• WHAT YOU ARE ASKED TO DO: From the data below, return only the lines from the one with "model wears a blue knit jumper" through the one with "A spacious living", exact and inclusive, with pictures left out.

[Web page caption snippets]
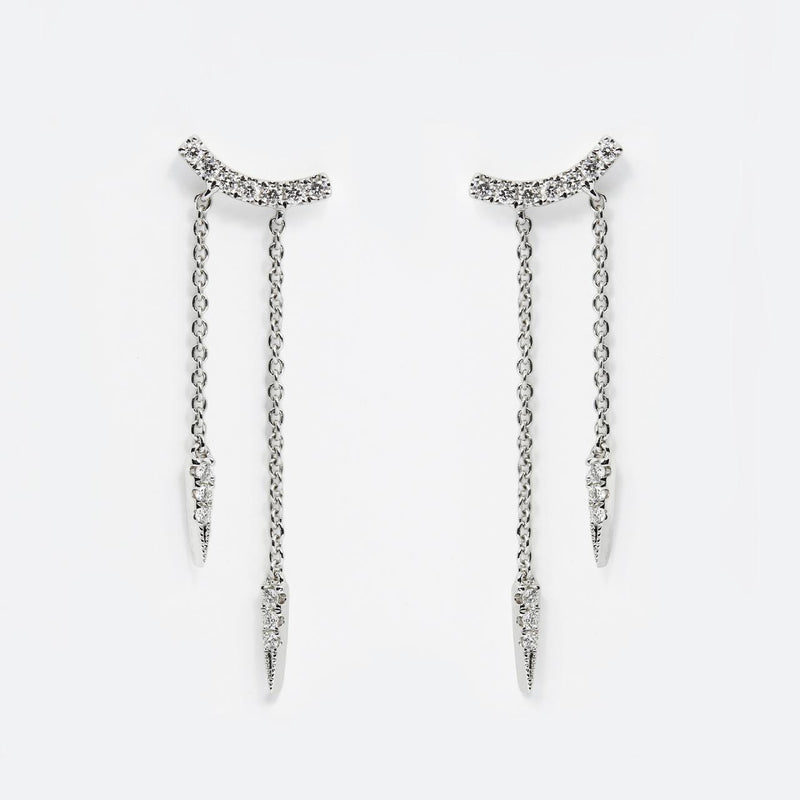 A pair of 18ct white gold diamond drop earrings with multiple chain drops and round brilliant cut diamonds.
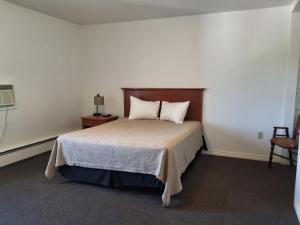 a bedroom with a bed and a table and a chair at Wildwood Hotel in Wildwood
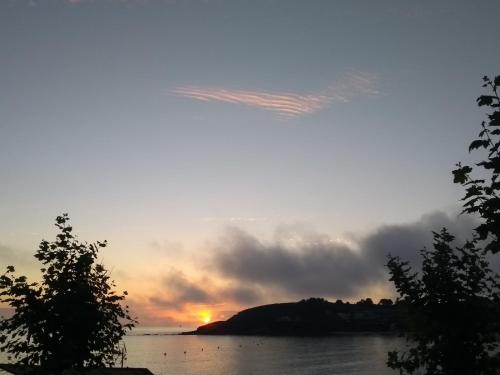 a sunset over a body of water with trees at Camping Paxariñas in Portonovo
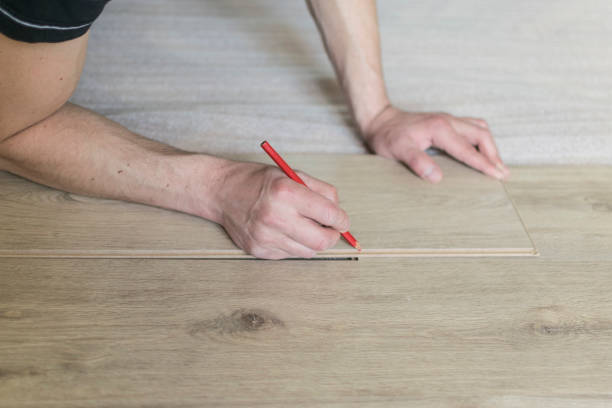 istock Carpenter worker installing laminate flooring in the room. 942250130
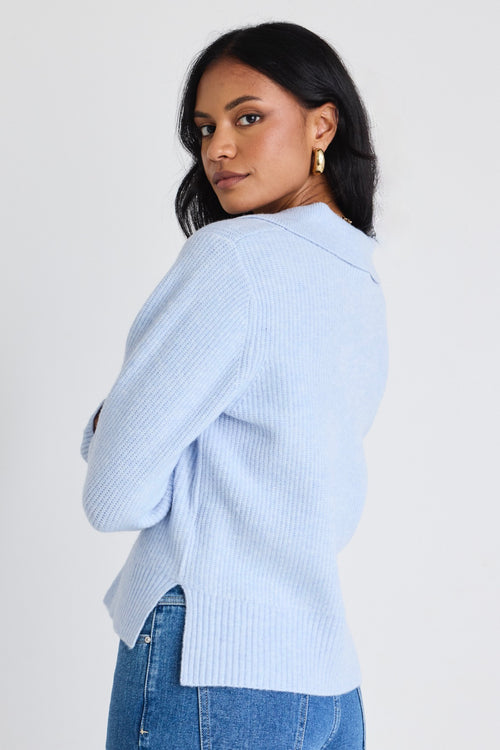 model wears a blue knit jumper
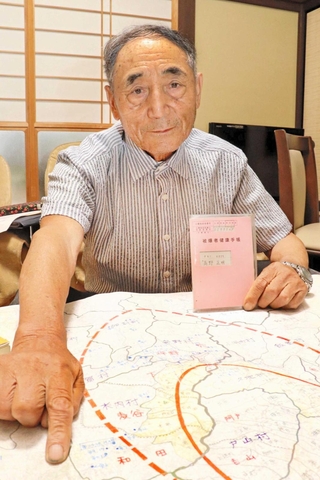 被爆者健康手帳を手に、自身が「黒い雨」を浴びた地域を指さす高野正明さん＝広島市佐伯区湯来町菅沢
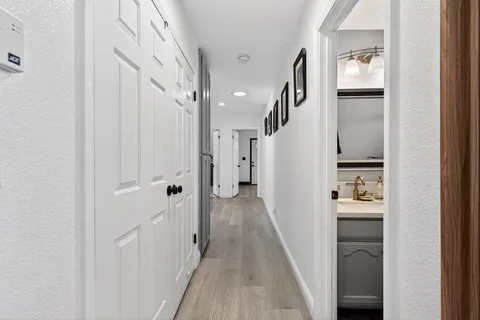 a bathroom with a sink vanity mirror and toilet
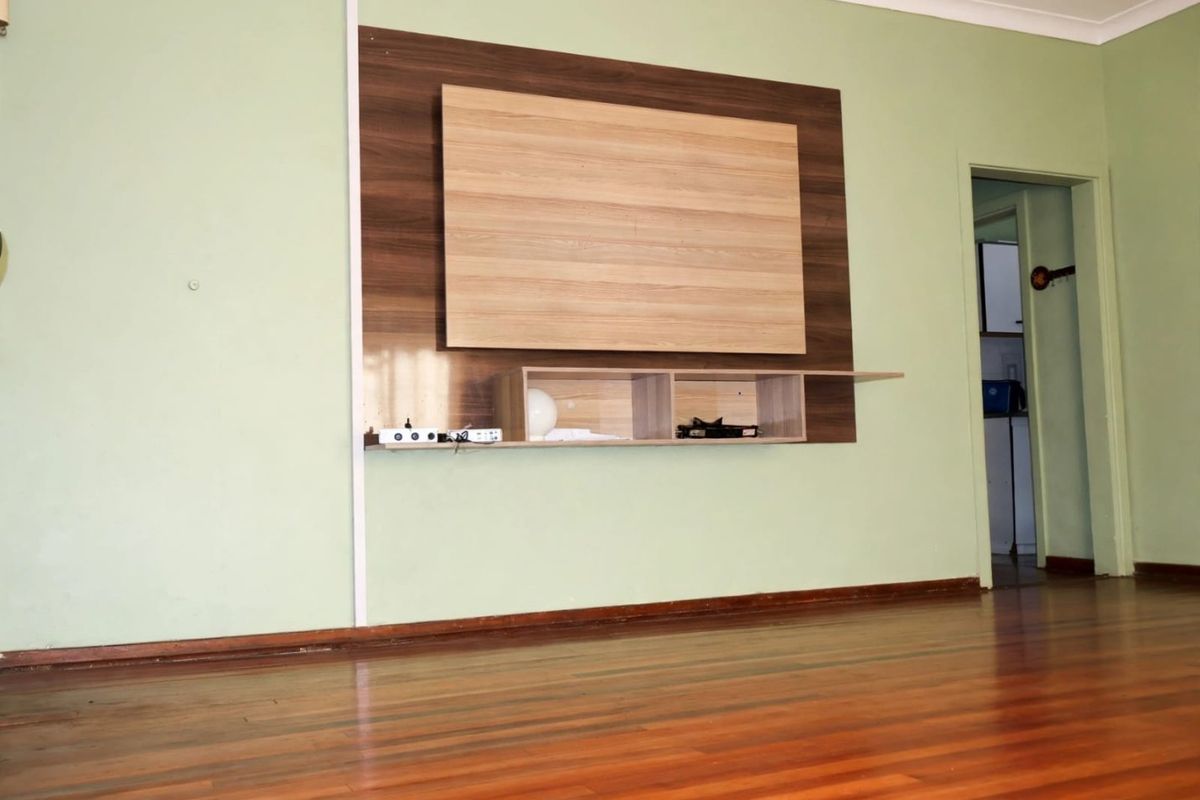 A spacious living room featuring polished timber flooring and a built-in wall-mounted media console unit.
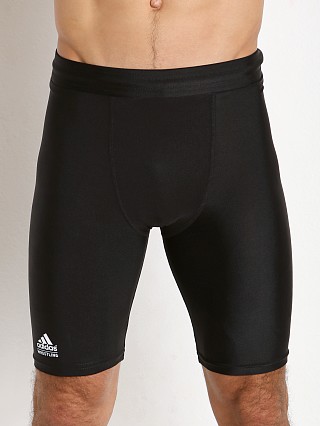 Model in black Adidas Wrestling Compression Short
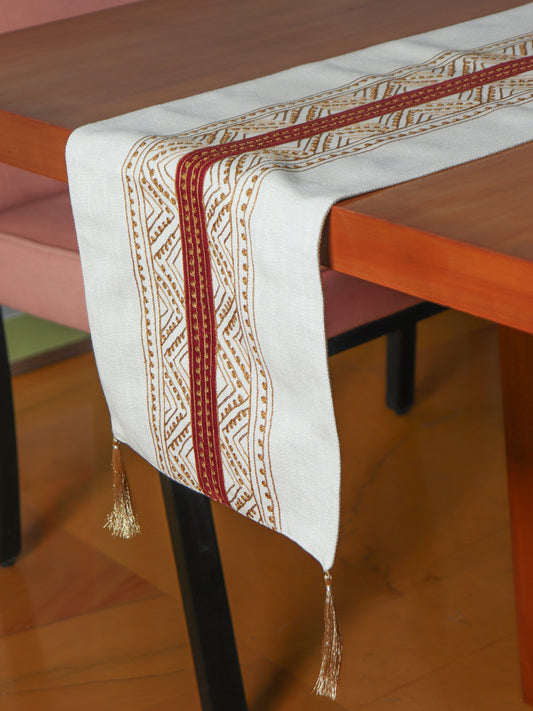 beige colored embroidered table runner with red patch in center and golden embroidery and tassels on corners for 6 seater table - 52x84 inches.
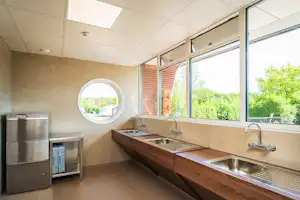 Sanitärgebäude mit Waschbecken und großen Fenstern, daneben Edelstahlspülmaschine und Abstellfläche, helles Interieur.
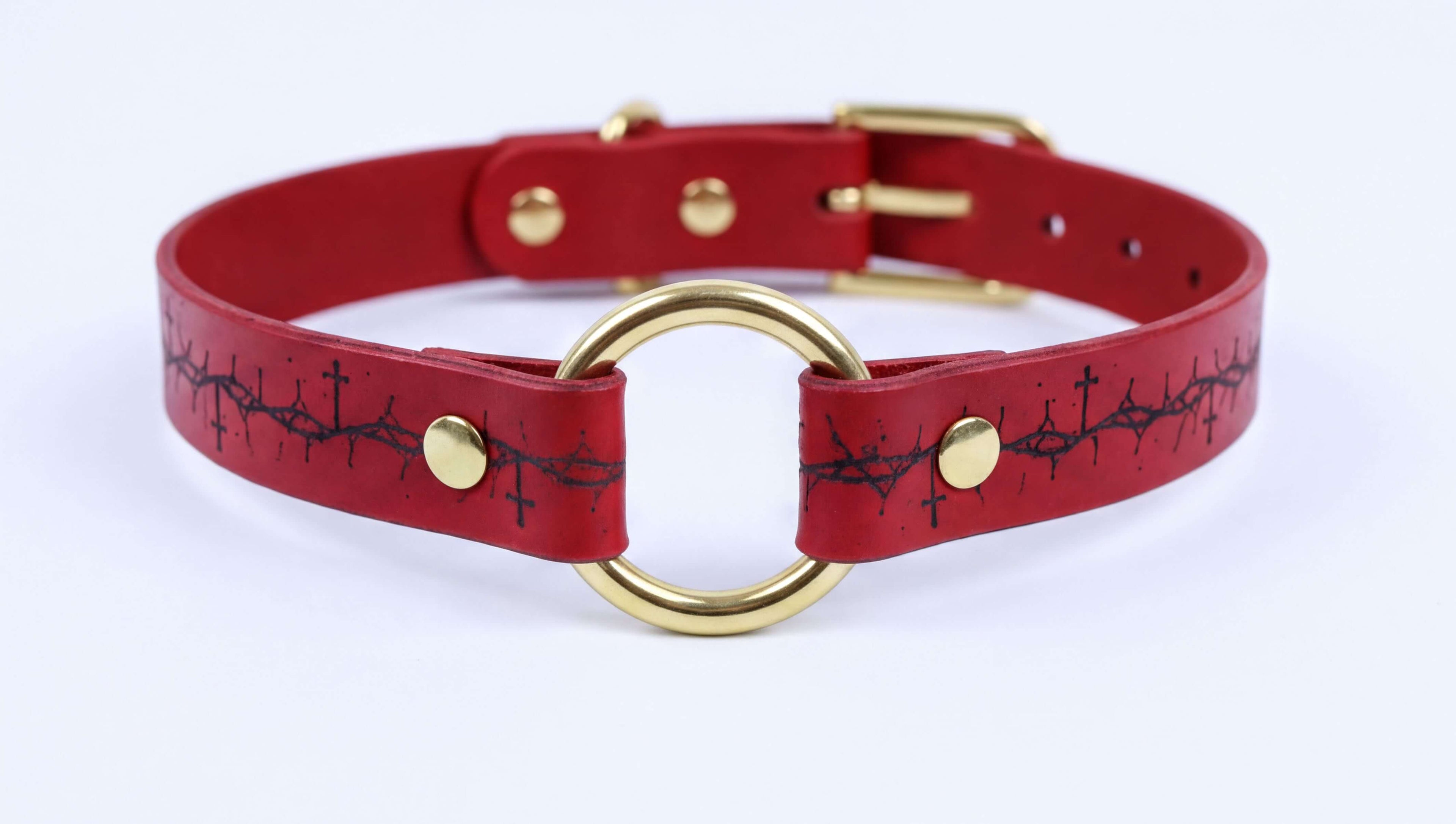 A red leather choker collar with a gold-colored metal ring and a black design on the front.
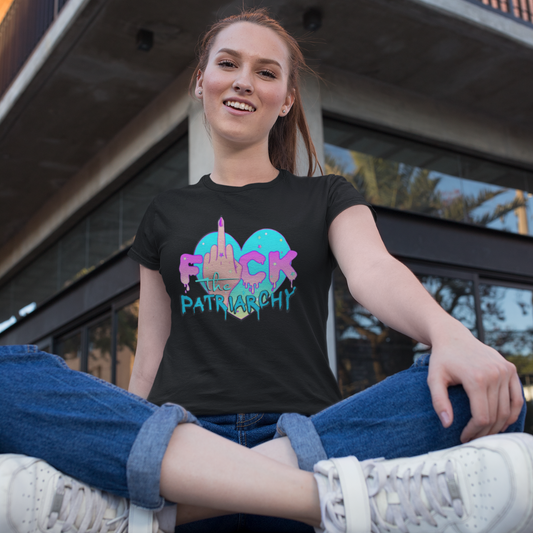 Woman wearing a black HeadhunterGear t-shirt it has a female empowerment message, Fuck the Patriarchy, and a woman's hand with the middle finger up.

• OUTPUT FOR THIS TASK:
 model wears a blue knit jumper
 被爆者健康手帳を手に、自身が「黒い雨」を浴びた地域を指さす高野正明さん＝広島市佐伯区湯来町菅沢
 a bathroom with a sink vanity mirror and toilet
 A spacious living room featuring polished timber flooring and a built-in wall-mounted media console unit.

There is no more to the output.